> **Requirement**: Each line below must be reproduced exactly as it stands. Pictures stay out of the copy.

--- --- ---

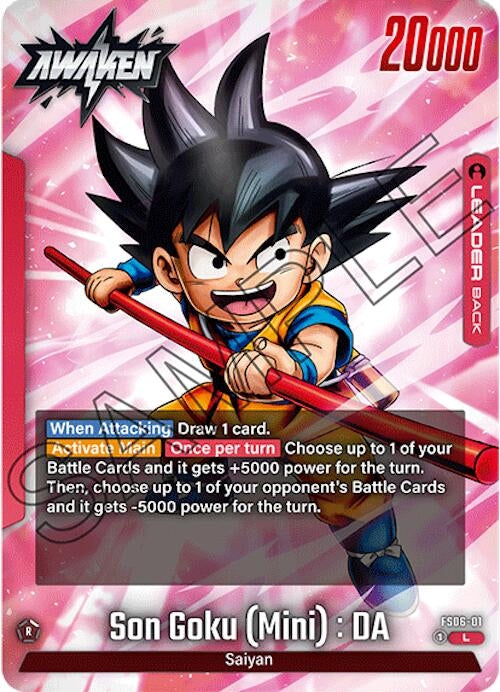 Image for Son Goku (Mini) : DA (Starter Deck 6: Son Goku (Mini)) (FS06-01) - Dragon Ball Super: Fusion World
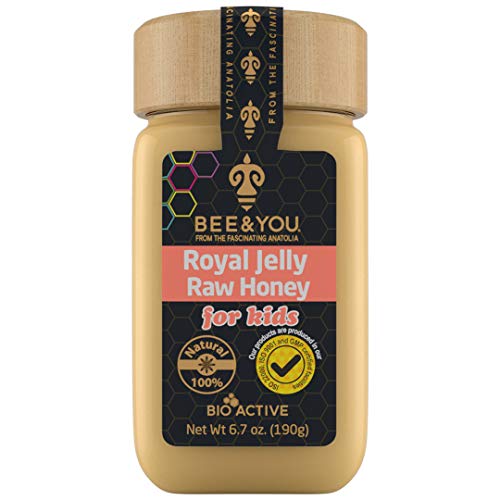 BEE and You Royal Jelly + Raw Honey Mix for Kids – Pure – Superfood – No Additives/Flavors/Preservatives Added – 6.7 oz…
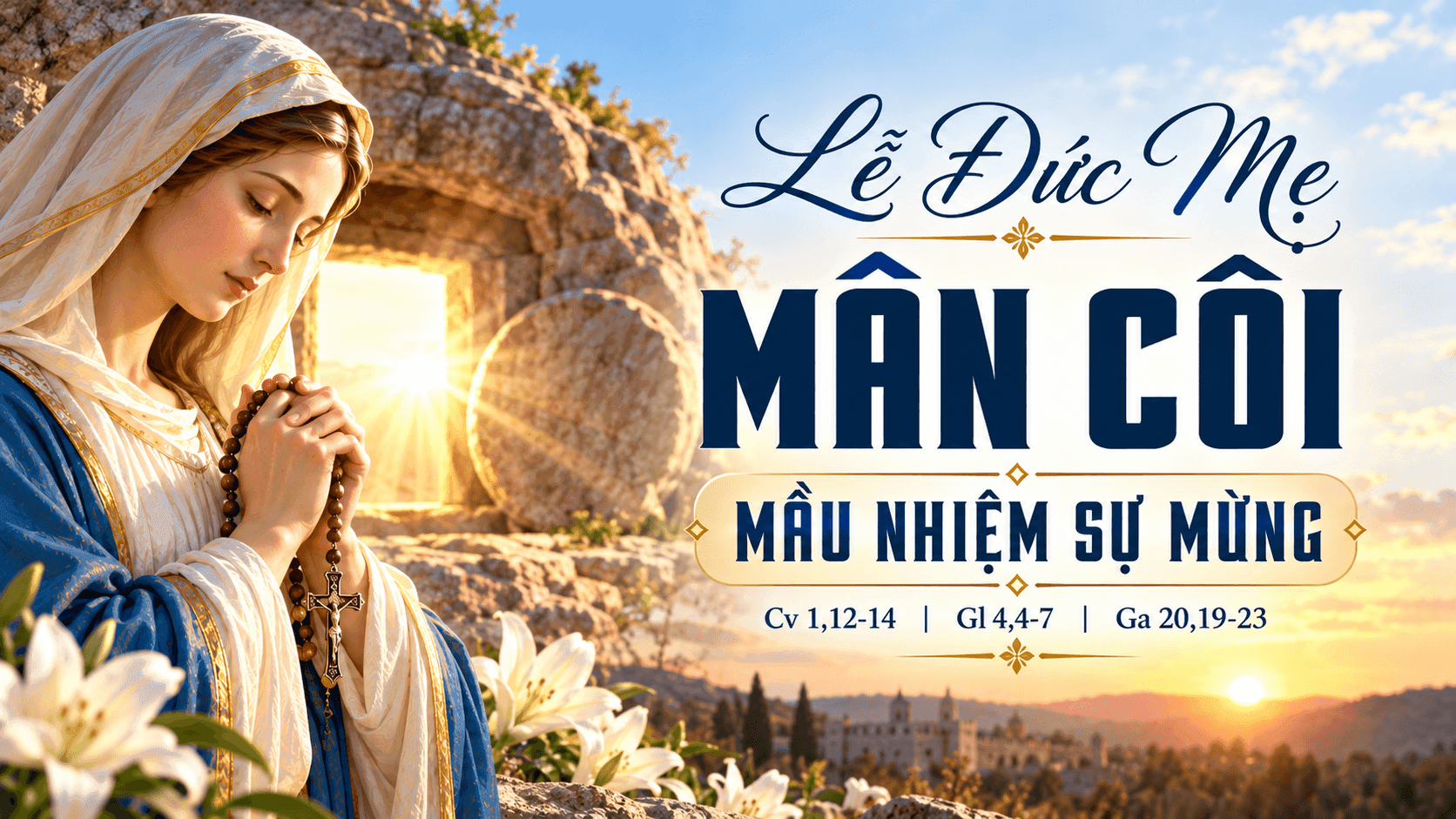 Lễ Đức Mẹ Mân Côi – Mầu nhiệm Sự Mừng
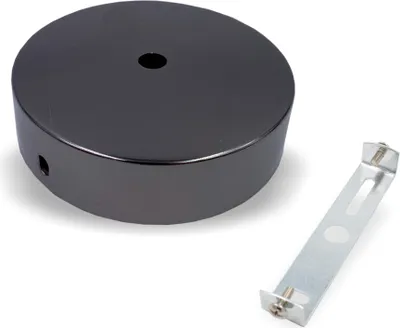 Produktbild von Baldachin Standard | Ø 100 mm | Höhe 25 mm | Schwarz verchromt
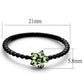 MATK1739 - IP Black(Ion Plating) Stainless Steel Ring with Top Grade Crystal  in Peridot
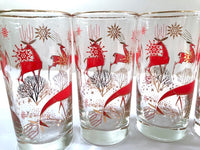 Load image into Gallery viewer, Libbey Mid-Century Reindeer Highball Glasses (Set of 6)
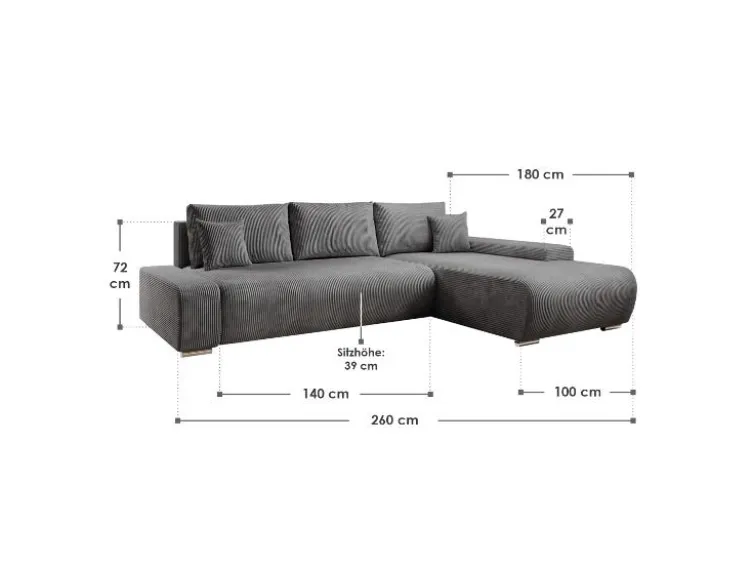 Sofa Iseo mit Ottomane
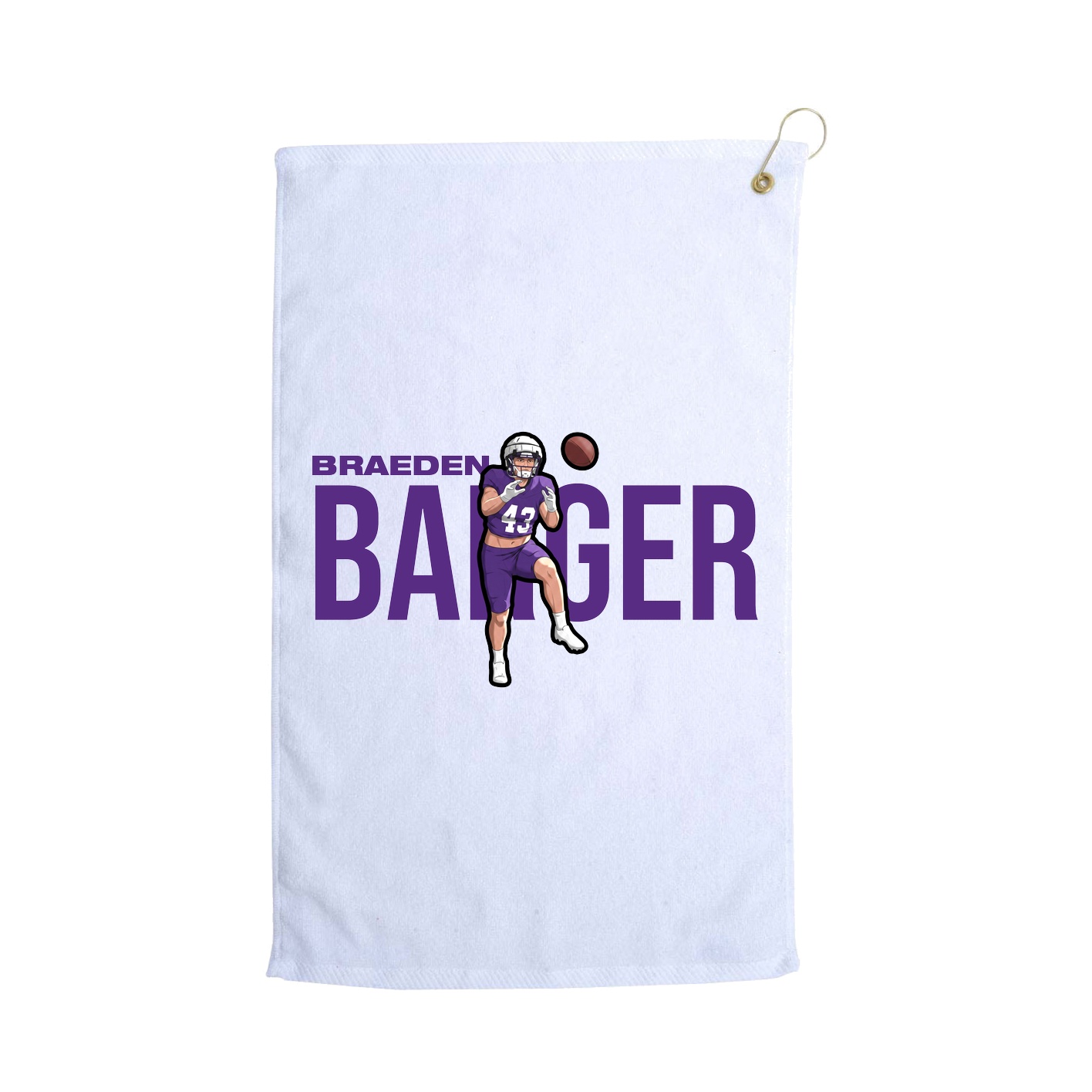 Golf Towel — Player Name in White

--- --- ---

> **Answer box**:
 Image for Son Goku (Mini) : DA (Starter Deck 6: Son Goku (Mini)) (FS06-01) - Dragon Ball Super: Fusion World
 BEE and You Royal Jelly + Raw Honey Mix for Kids – Pure – Superfood – No Additives/Flavors/Preservatives Added – 6.7 oz…
 Lễ Đức Mẹ Mân Côi – Mầu nhiệm Sự Mừng
 Produktbild von Baldachin Standard | Ø 100 mm | Höhe 25 mm | Schwarz verchromt
 MATK1739 - IP Black(Ion Plating) Stainless Steel Ring with Top Grade Crystal  in Peridot
 Load image into Gallery viewer, Libbey Mid-Century Reindeer Highball Glasses (Set of 6)
 Sofa Iseo mit Ottomane
 Golf Towel — Player Name in White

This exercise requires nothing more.